Urheberrechts-Wissensgesellschafts-Gesetz

Zum 01.03.2018 tritt das neue Gesetz zur Angleichung des Urheberrechts an die aktuellen Erfordernisse der Wissensgesellschaft in Kraft. Das UrhWissG § 60a-h regelt die Nutzung von urheberrechtlichen geschützten Inhalten an Hochschulen.

 

Welche Materialien dürfen nach UrhWissG § 60a in der Hochschullehre zur Veranschaulichung des Unterrichts und der Lehre einem eingeschränkten Teilnehmerkreis* elektronisch zur Verfügung gestellt werden (mit Einschreibe- oder Zugangsschlüssel)?

  • Bis zu 15% eines veröffentlichten Werkes dürfen zu nicht kommerziellen Zwecken vervielfältigt, verbreitet oder einem eingeschränkten Teilnehmerkreis öffentlich zugänglich gemacht werden.

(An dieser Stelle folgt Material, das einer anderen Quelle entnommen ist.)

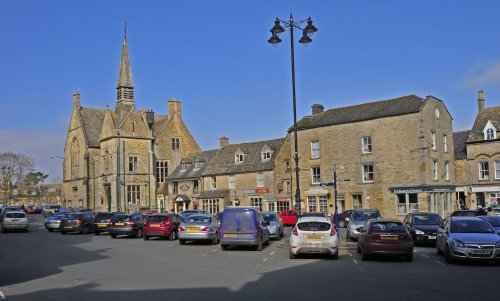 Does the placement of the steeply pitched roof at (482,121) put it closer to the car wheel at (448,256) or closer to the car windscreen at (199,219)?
the car windscreen at (199,219)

Sämtliche Seiten einschließlich Inhalts- und Literaturverzeichnis, Vorwort, Einleitung sowie Namens- und Sachregister sind bei der Berechnung der 15% zu berücksichtigen - außer Leerseiten und Seiten, die überwiegend Abbildungen enthalten.

  • Sprachwerke geringen Umfangs, die nicht länger als 25 Seiten sind, dürfen vollständig genutzt werden.

  • Artikel aus Fach- oder wissenschaftlichen Zeitschriften dürfen genutzt werden, jedoch darf aus einer Zeitschrift nur jeweils ein einzelner Artikel vollständig entnommen werden. Zeitungen und Publikumszeitschriften sind ausgenommen (hier gilt die 15%-Regel).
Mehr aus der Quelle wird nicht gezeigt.